Dropped spaces due to long strings of repeated tags
The book by Green has 4 parts, each with an introductory section. Part 1 come through rinsed really nicely and very clean, but parts 2, 3, and 4 drop almost all the spaces.
For whatever reason, large portions of this book are being extracted with each word wrapped in its own tag. A big part of Part 1 gets extracted as long strings of <iCs>
tags, with empty iCs tags for spaces:
<iCs>remained</iCs>
<iCs></iCs>
<iCs>the</iCs>
<iCs></iCs>
<iCs>majority</iCs>
<iCs></iCs>
<iCs>population</iCs>
<iCs></iCs>
<iCs>of</iCs>
<iCs></iCs>
<iCs>many</iCs>
These all gets collapsed into a p tag with spaces preserved and the HTML looks great.

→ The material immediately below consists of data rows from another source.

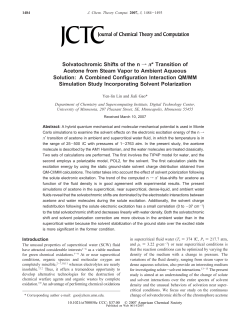 Solvatochromic Shifts of the n f &pi;* Transition of Acetone from Steam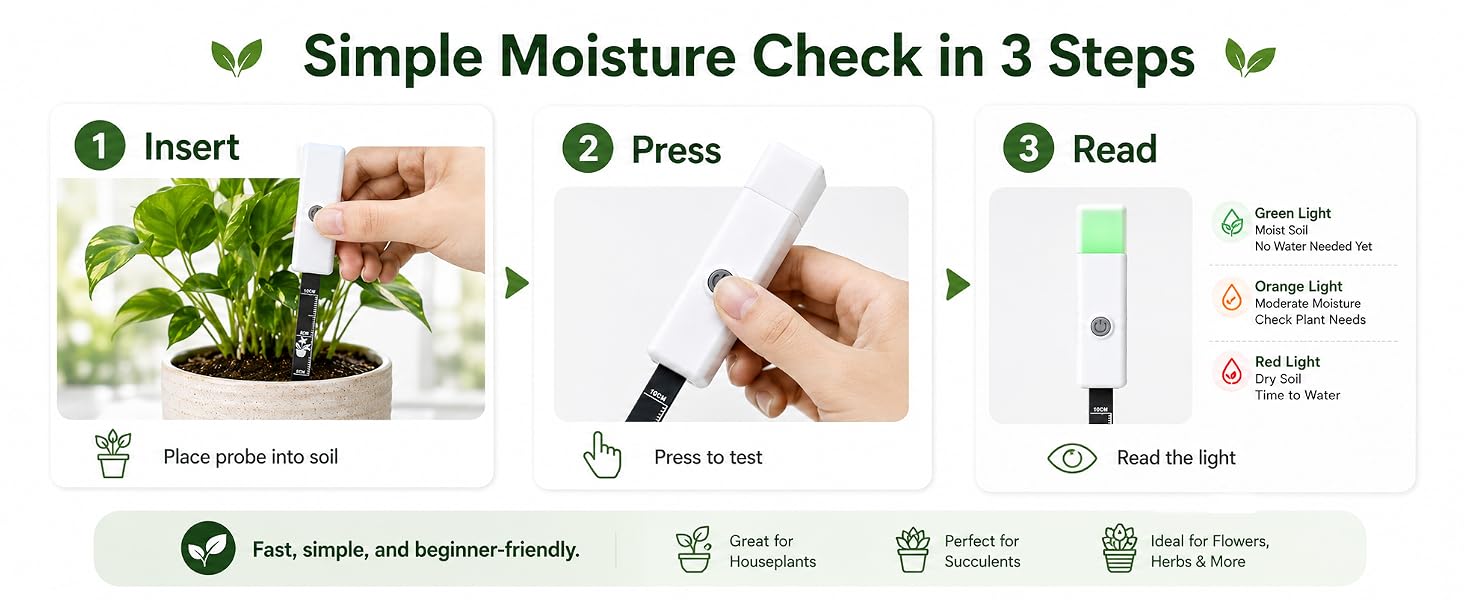 Simple Moisture Check in 3 Steps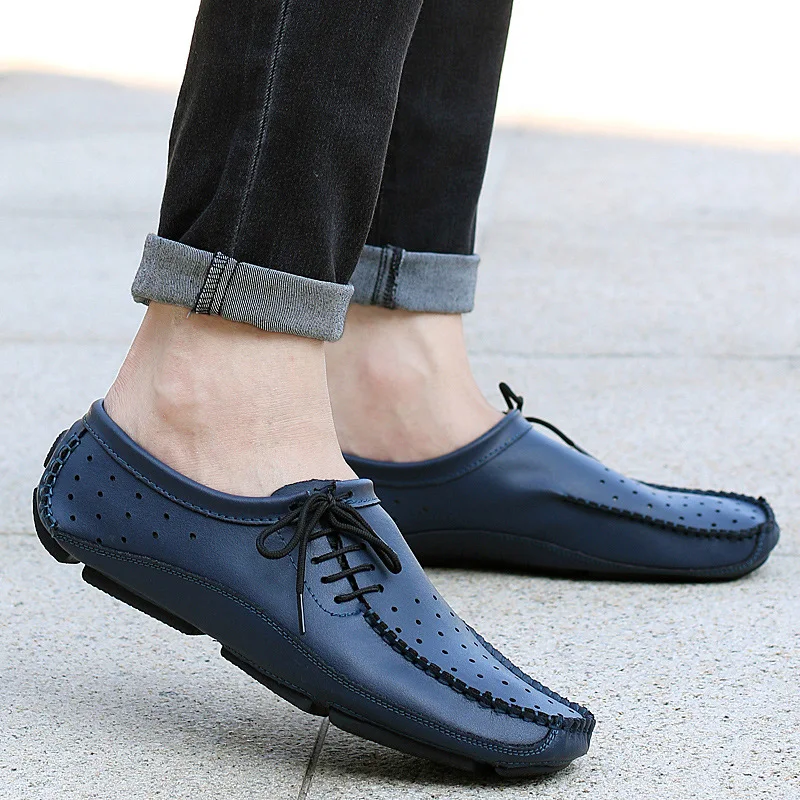 

Fashion Solid Men Loafers Spring Autumm Flat Driving Shoes Concise Slip on Shoes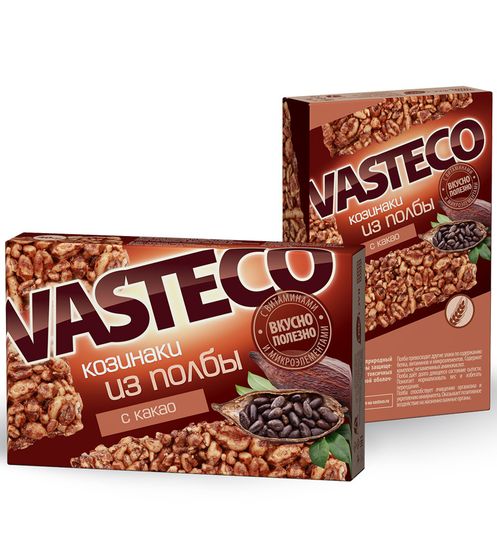 Батончики козинаки из полбы с какао. 20г.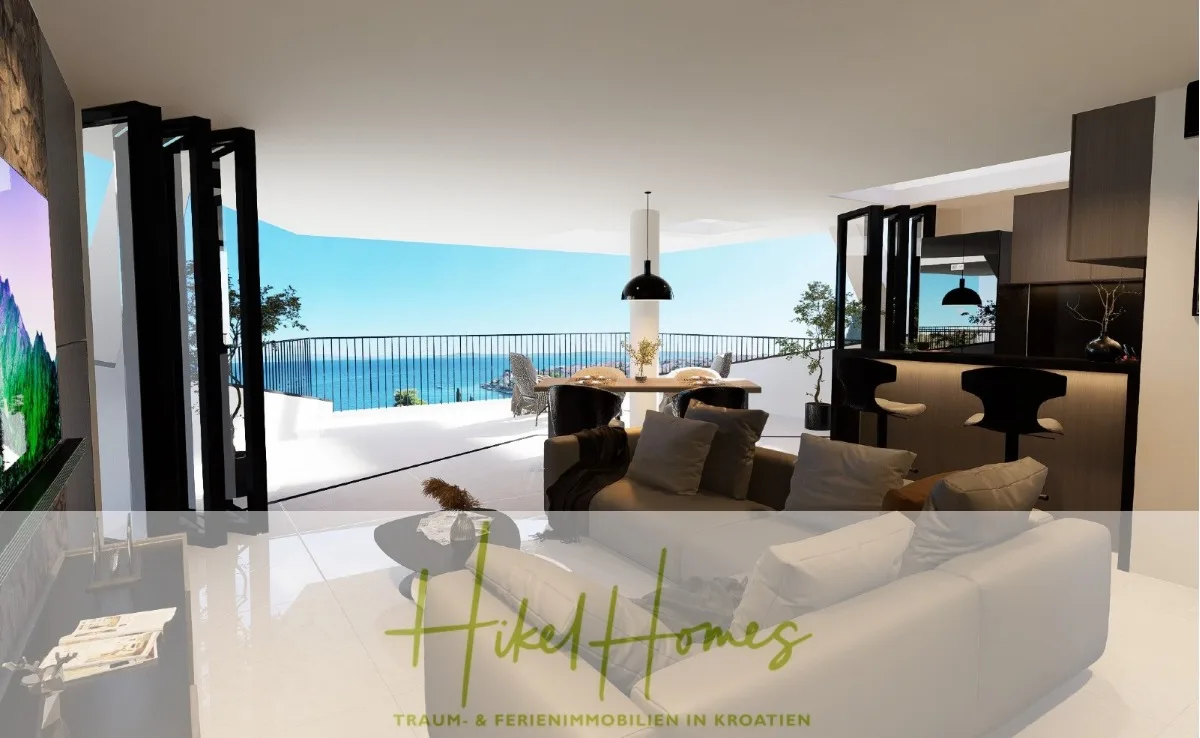 Wohnung am Meer in Okrug Gornji, Ansicht 5 von 18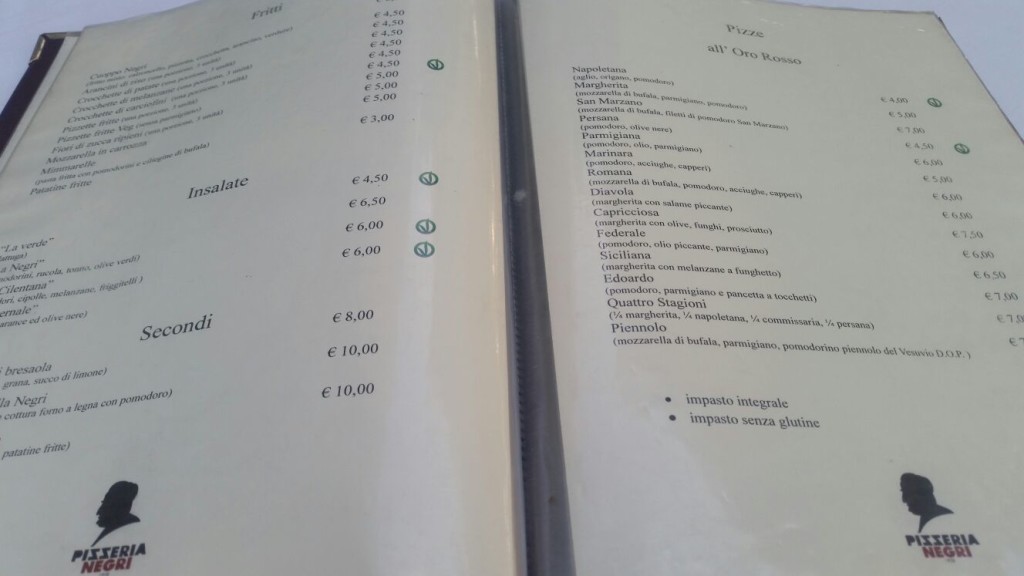 MENU NEGRI
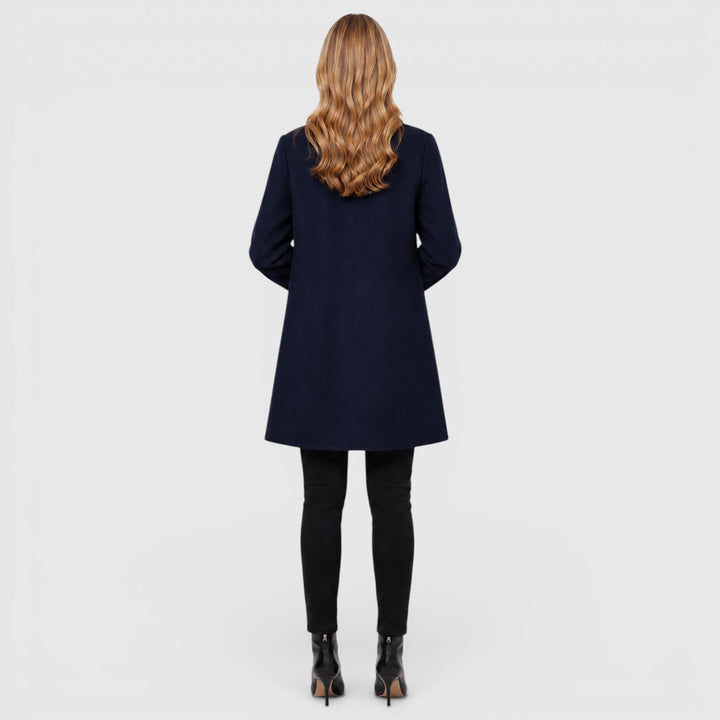 Women's Classic Wool Long Coat with Warm Insulation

Parts 2, 3, and 4, though, have strings of spans instead:
<span style="font-size: 12pt">Safavids,</span>
<span style="font-size: 12pt"></span>
<span style="font-size: 12pt">and</span>
<span style="font-size: 12pt"></span>
<span style="font-size: 12pt">Uzbeks—seized</span>
<span style="font-size: 12pt"></span>
<span style="font-size: 12pt">control</span>
<span style="font-size: 12pt"></span>
When this happens, the content ends up in one long p tag with no spaces.
The introduction has a long string of <lang>
tags, similar to the iCs tags above. They don’t cause dropped spaces.
This is related to #35 (closed) but may be caused by a different underlying issue.